Show every line of the data that includes the word "from".

[[ RECORDS FOR THIS EXERCISE, beginning ]]

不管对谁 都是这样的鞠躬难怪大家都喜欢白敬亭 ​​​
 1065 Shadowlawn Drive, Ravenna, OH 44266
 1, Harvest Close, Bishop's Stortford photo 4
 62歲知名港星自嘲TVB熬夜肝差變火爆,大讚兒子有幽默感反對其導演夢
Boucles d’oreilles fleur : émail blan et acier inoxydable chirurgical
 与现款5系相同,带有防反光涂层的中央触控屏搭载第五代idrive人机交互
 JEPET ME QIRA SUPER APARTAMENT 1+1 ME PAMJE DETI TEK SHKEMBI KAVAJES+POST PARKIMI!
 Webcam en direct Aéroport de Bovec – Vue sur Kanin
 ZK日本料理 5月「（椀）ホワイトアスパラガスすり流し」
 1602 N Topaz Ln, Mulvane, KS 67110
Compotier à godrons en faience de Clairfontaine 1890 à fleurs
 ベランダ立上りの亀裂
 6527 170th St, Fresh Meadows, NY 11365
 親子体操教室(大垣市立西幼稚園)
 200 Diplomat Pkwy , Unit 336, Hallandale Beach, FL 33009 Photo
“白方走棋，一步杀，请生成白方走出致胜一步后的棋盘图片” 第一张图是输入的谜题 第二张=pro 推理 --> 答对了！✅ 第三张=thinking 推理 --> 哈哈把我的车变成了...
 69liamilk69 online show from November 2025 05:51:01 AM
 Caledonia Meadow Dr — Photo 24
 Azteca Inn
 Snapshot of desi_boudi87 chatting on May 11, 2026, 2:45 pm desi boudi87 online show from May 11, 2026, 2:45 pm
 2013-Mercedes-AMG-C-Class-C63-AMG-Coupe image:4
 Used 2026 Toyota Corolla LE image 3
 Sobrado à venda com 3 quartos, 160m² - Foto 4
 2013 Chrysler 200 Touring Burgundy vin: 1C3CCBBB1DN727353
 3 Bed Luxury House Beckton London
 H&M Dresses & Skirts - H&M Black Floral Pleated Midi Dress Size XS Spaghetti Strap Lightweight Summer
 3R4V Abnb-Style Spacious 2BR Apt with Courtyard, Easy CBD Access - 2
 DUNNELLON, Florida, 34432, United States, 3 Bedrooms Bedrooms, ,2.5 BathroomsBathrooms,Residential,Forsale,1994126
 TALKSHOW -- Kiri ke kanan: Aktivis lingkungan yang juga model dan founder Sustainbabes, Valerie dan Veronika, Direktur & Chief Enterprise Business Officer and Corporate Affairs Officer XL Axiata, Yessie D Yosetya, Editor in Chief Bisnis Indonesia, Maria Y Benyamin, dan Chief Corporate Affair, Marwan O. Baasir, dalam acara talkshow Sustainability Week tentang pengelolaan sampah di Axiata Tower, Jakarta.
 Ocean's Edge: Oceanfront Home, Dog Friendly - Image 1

[[ RECORDS FOR THIS EXERCISE, end ]]

REPLY:
 69liamilk69 online show from November 2025 05:51:01 AM
 Snapshot of desi_boudi87 chatting on May 11, 2026, 2:45 pm desi boudi87 online show from May 11, 2026, 2:45 pm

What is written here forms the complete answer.